# WORK INSTRUCTIONS
This exercise asks for every record to be output again exactly.

# SUPPLIED MATERIAL
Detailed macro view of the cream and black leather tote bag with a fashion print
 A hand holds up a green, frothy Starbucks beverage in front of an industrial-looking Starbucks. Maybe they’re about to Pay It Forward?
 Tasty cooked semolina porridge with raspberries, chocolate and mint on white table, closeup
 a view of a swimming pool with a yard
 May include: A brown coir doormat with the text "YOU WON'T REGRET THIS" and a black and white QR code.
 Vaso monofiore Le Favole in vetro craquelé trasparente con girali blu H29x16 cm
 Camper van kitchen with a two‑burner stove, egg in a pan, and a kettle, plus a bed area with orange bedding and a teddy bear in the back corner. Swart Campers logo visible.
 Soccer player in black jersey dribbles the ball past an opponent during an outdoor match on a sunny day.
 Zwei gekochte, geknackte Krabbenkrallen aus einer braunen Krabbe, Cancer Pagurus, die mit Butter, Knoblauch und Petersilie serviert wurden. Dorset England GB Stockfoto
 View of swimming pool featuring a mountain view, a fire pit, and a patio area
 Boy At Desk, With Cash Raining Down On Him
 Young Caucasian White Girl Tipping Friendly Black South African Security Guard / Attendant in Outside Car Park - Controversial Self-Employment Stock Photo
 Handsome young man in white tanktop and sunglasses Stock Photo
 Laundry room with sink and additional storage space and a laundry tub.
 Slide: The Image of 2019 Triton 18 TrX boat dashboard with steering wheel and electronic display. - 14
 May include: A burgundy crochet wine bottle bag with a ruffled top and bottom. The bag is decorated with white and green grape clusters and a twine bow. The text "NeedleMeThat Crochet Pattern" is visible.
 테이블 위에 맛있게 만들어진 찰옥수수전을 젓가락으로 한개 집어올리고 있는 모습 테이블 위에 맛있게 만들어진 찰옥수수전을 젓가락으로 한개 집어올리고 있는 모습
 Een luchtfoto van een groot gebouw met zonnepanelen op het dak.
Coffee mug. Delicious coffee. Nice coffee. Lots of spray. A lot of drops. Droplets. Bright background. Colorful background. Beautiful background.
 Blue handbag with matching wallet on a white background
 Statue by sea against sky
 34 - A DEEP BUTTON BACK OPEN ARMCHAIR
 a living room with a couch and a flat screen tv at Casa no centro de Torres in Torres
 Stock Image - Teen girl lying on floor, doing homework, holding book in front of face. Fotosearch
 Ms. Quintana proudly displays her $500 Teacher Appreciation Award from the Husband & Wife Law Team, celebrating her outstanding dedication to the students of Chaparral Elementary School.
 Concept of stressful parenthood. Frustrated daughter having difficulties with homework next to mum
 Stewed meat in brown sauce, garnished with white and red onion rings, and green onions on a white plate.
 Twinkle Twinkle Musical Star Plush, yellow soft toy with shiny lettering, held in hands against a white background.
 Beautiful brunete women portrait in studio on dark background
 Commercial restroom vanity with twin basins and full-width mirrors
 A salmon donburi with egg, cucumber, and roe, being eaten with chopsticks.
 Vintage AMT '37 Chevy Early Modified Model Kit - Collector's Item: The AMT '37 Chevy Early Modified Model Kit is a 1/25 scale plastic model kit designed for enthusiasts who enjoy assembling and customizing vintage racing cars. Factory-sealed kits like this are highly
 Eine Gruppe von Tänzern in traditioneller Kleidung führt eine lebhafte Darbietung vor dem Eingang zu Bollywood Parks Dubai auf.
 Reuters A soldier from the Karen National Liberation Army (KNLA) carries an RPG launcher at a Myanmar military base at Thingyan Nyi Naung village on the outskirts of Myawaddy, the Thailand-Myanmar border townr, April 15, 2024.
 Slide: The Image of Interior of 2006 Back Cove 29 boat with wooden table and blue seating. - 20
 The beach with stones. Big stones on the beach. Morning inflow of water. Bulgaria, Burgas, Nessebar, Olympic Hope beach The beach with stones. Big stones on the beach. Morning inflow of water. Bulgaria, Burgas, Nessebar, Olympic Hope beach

# EXERCISE ANSWER
Detailed macro view of the cream and black leather tote bag with a fashion print
 A hand holds up a green, frothy Starbucks beverage in front of an industrial-looking Starbucks. Maybe they’re about to Pay It Forward?
 Tasty cooked semolina porridge with raspberries, chocolate and mint on white table, closeup
 a view of a swimming pool with a yard
 May include: A brown coir doormat with the text "YOU WON'T REGRET THIS" and a black and white QR code.
 Vaso monofiore Le Favole in vetro craquelé trasparente con girali blu H29x16 cm
 Camper van kitchen with a two‑burner stove, egg in a pan, and a kettle, plus a bed area with orange bedding and a teddy bear in the back corner. Swart Campers logo visible.
 Soccer player in black jersey dribbles the ball past an opponent during an outdoor match on a sunny day.
 Zwei gekochte, geknackte Krabbenkrallen aus einer braunen Krabbe, Cancer Pagurus, die mit Butter, Knoblauch und Petersilie serviert wurden. Dorset England GB Stockfoto
 View of swimming pool featuring a mountain view, a fire pit, and a patio area
 Boy At Desk, With Cash Raining Down On Him
 Young Caucasian White Girl Tipping Friendly Black South African Security Guard / Attendant in Outside Car Park - Controversial Self-Employment Stock Photo
 Handsome young man in white tanktop and sunglasses Stock Photo
 Laundry room with sink and additional storage space and a laundry tub.
 Slide: The Image of 2019 Triton 18 TrX boat dashboard with steering wheel and electronic display. - 14
 May include: A burgundy crochet wine bottle bag with a ruffled top and bottom. The bag is decorated with white and green grape clusters and a twine bow. The text "NeedleMeThat Crochet Pattern" is visible.
 테이블 위에 맛있게 만들어진 찰옥수수전을 젓가락으로 한개 집어올리고 있는 모습 테이블 위에 맛있게 만들어진 찰옥수수전을 젓가락으로 한개 집어올리고 있는 모습
 Een luchtfoto van een groot gebouw met zonnepanelen op het dak.
Coffee mug. Delicious coffee. Nice coffee. Lots of spray. A lot of drops. Droplets. Bright background. Colorful background. Beautiful background.
 Blue handbag with matching wallet on a white background
 Statue by sea against sky
 34 - A DEEP BUTTON BACK OPEN ARMCHAIR
 a living room with a couch and a flat screen tv at Casa no centro de Torres in Torres
 Stock Image - Teen girl lying on floor, doing homework, holding book in front of face. Fotosearch
 Ms. Quintana proudly displays her $500 Teacher Appreciation Award from the Husband & Wife Law Team, celebrating her outstanding dedication to the students of Chaparral Elementary School.
 Concept of stressful parenthood. Frustrated daughter having difficulties with homework next to mum
 Stewed meat in brown sauce, garnished with white and red onion rings, and green onions on a white plate.
 Twinkle Twinkle Musical Star Plush, yellow soft toy with shiny lettering, held in hands against a white background.
 Beautiful brunete women portrait in studio on dark background
 Commercial restroom vanity with twin basins and full-width mirrors
 A salmon donburi with egg, cucumber, and roe, being eaten with chopsticks.
 Vintage AMT '37 Chevy Early Modified Model Kit - Collector's Item: The AMT '37 Chevy Early Modified Model Kit is a 1/25 scale plastic model kit designed for enthusiasts who enjoy assembling and customizing vintage racing cars. Factory-sealed kits like this are highly
 Eine Gruppe von Tänzern in traditioneller Kleidung führt eine lebhafte Darbietung vor dem Eingang zu Bollywood Parks Dubai auf.
 Reuters A soldier from the Karen National Liberation Army (KNLA) carries an RPG launcher at a Myanmar military base at Thingyan Nyi Naung village on the outskirts of Myawaddy, the Thailand-Myanmar border townr, April 15, 2024.
 Slide: The Image of Interior of 2006 Back Cove 29 boat with wooden table and blue seating. - 20
 The beach with stones. Big stones on the beach. Morning inflow of water. Bulgaria, Burgas, Nessebar, Olympic Hope beach The beach with stones. Big stones on the beach. Morning inflow of water. Bulgaria, Burgas, Nessebar, Olympic Hope beach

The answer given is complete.